This book places Eurasia in its entirety within a single explanatory framework and examines, for the first time to that extent, Russia as a Eurasian energy power in its affairs with the two main geopolitical players of the region, the EU and China.
Part of this geopolitical space is the Former Soviet Union (FSU) region which shares deep historical-political ties with Russia and constitutes the necessary crossing for the latter's natural gas supplies en route to the EU market.
In this way, an energy triangle is established, with Russia at the top angle, the EU in the left angle, China in the right angle and the FSU region the median.
Following the scheme, three bipolar relationships emerge, Russia-FSU region, Russia-EU and Russia-China, with each of them representing a different type of bilateral cooperation.
In the first case there is an asymmetric relationship with one actor being overly powerful, in terms of energy, to impose its conditions, economic and political, on the other.
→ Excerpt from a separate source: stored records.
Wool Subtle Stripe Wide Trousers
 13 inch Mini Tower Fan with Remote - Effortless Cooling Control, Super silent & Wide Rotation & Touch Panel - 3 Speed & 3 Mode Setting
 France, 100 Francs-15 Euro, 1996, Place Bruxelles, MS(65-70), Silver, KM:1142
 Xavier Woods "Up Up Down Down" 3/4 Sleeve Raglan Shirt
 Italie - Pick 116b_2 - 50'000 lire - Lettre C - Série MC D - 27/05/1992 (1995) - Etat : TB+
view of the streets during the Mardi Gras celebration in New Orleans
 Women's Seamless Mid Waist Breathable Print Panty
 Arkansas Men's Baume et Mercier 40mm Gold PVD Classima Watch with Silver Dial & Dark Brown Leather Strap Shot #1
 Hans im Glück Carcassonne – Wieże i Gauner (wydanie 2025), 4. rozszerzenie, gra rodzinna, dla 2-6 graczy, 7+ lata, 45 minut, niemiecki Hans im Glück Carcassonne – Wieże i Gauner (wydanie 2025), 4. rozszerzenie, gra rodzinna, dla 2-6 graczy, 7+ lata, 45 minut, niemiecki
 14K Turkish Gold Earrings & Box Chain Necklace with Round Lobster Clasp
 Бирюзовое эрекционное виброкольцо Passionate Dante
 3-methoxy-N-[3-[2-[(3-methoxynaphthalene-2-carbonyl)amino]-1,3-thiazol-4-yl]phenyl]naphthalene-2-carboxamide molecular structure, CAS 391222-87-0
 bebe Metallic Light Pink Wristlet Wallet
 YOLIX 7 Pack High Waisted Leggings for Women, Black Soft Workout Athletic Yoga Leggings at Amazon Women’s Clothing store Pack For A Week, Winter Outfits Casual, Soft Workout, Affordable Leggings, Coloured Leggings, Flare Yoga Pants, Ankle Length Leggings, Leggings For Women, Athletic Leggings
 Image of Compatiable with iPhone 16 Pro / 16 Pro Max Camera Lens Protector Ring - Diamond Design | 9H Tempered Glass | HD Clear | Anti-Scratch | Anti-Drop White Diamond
In the second case there is a symmetric relationship with both actors having equal means of pressure at their disposal.
Finally, in the third case there is balanced relationship with both actors trading on an equal basis.
Within this framework, one of the dominant theoretical debates in the field of International Relations, that between Neorealism and Neoliberal Institutionalism (the so-called `Neo-Neo' debate) seeks to shed light on the governing rationale beyond Putin's Russia foreign energy policy vis-a-vis the FSU region, the EU and China.